The Securities and Exchange Board of India approved on Wednesday using securities funded by cash collateral as part of the maintenance margin for margin trading to promote ease of doing business.
The move will also mean to help ease the burden of additional collateral towards the maintenance margin for the margin trading facility.
This change came after SEBI received requests from market participants through the Industry Standards Forum to ease the margin trading requirements.
SEBI's circular specifies that stocks or exchange-traded funds used as collateral with brokers and those bought through margin trading must be kept separate and not mixed when calculating funding amounts.
"In case the broker has collected cash collateral from the client in the form of margin for availing margin trading facility and the trading member has given the said cash collateral to the Clearing Corporation (CC) towards settlement obligation of the said client, then the same can be considered as maintenance margin," SEBI said.
If a broker takes cash collateral from a client and uses it to fulfill settlement obligations with the Clearing Corp., the securities received from the Clearing Corp. can be used as maintenance margin. These securities must be pledged to the broker.

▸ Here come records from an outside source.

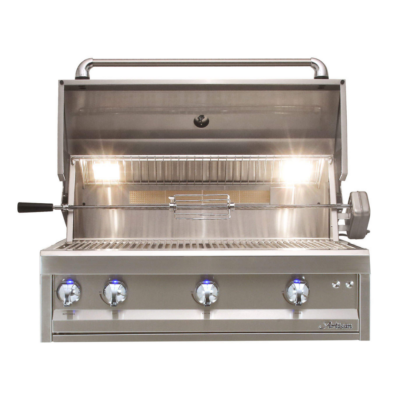 Artisan Professional 36-Inch Grill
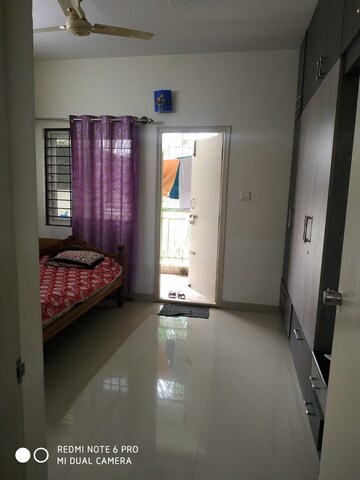 Room in 4 BHK Builder Floor at Gautam Buddha University – for Sale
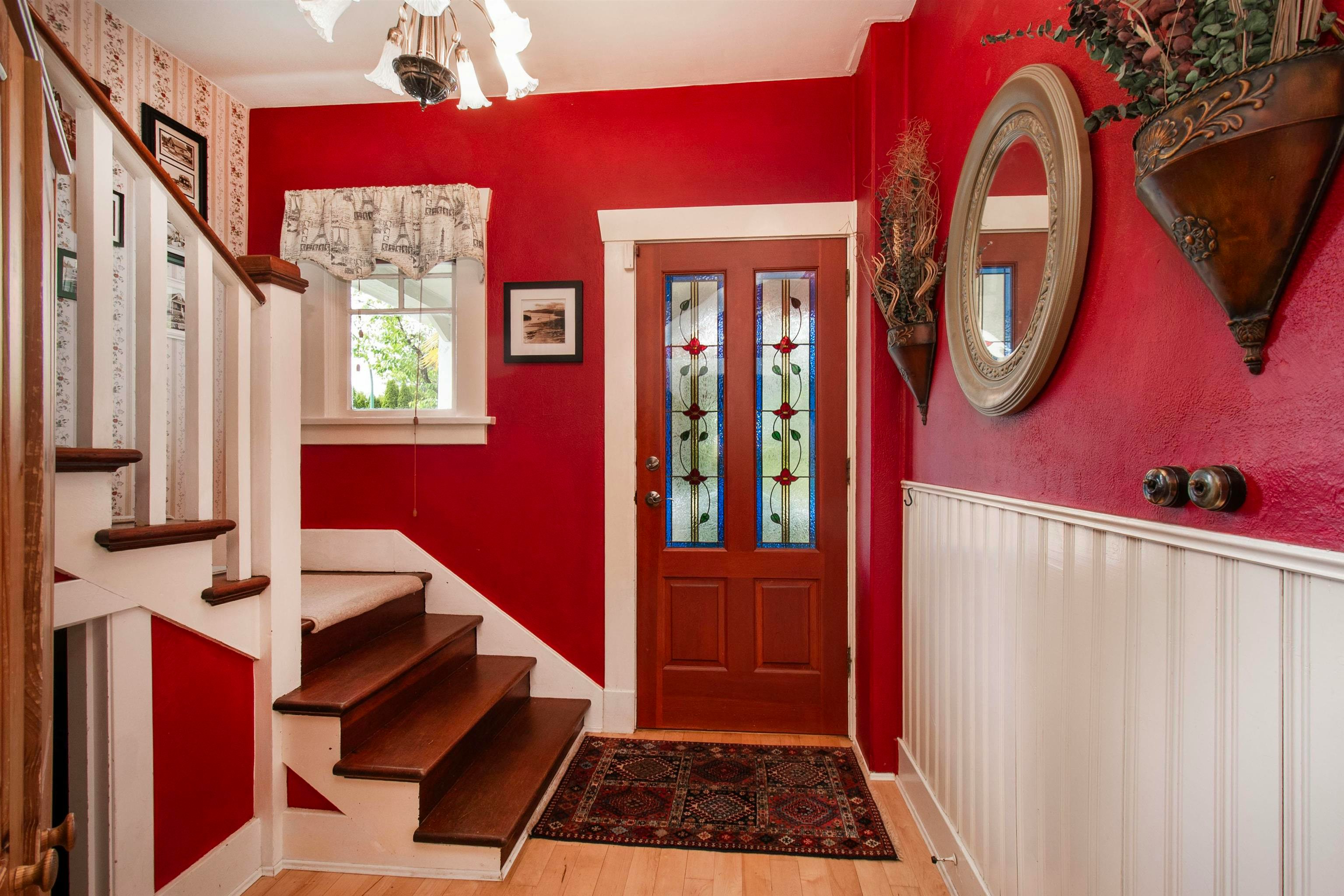 1560 Macgowan Avenue - 5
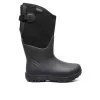 Women's Bogs Footwear Neo-Classic Tall Adjustable Calf Winter Boots -Boots Shop 1 1222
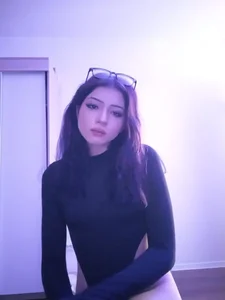 Sweetynx의 XXX 누드 사진 2개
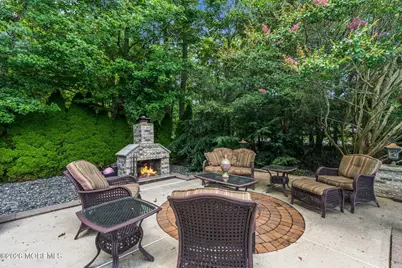 2192 S Tiiu Court, Toms River Township, NJ 08755 - Photo 74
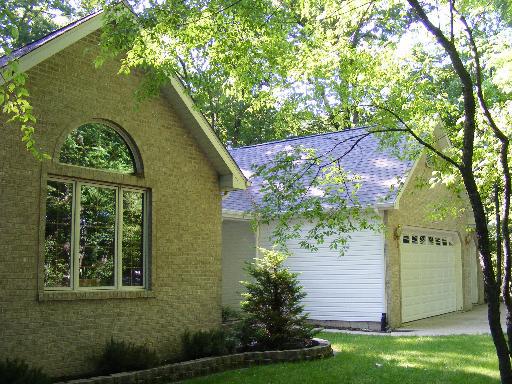 4613 E 2619 Rd., Sandwich, IL 60548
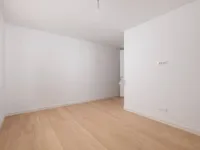 Недвижимость Трёхкомнатная квартира, Опатия: 23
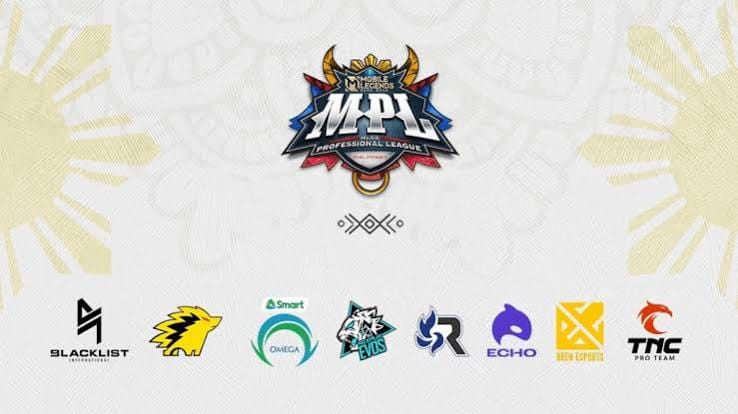 MPL PH Season 18 Schedule: Teams, Opening Matches, at Storylines to Watch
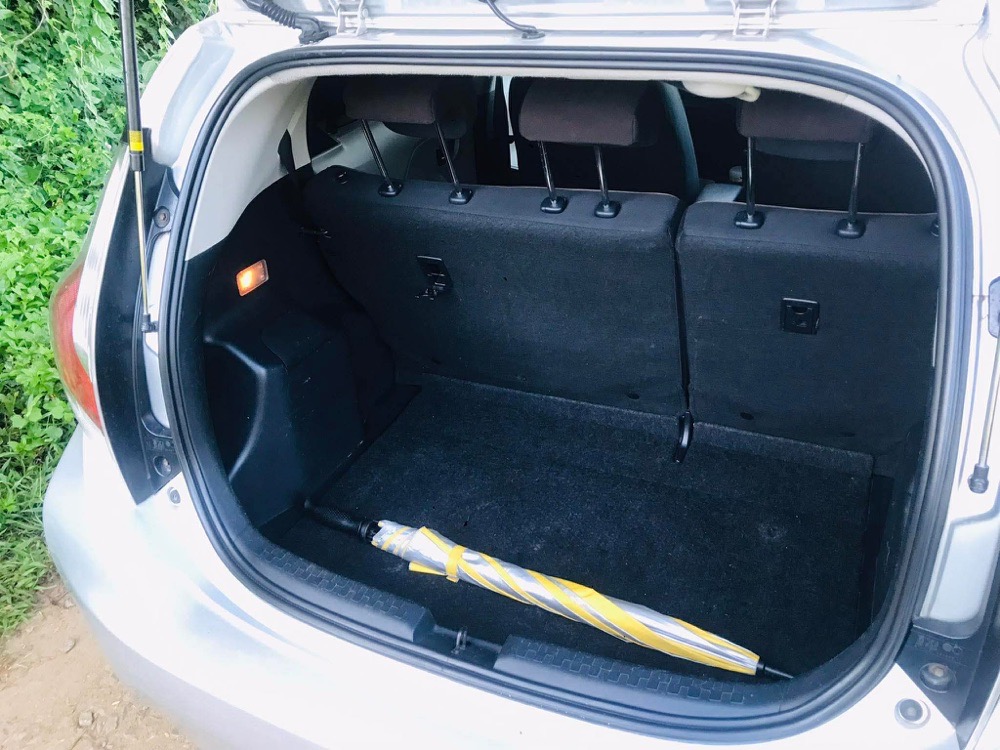 Advertisement image 6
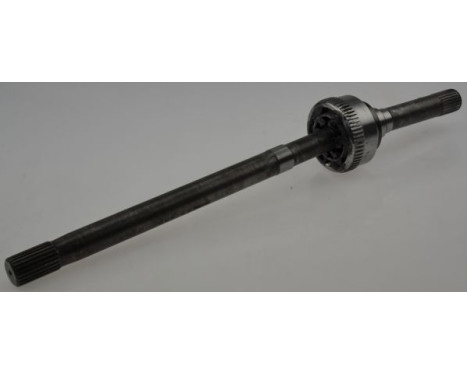 drive shaft GKND12256 Spidan
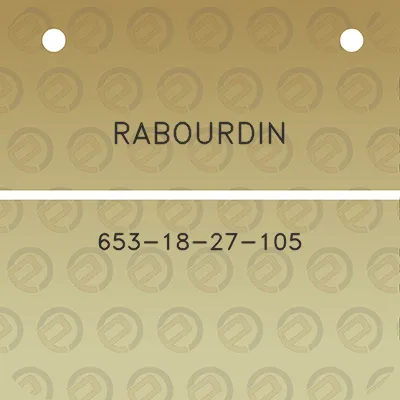 rabourdin-653-18-27-105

SEBI said if funded stocks are used as maintenance margin based on cash collateral provided by the client, the funded stocks must be from Group 1 securities. The margin for these stocks will be value at risk, plus five times the extreme loss margin, irrespective of whether they are available in the futures and options segment.
Additionally, the regulator has asked trading members to report their exposure under margin trading funds by 6 p.m. on T+1 day (the day after the trade date).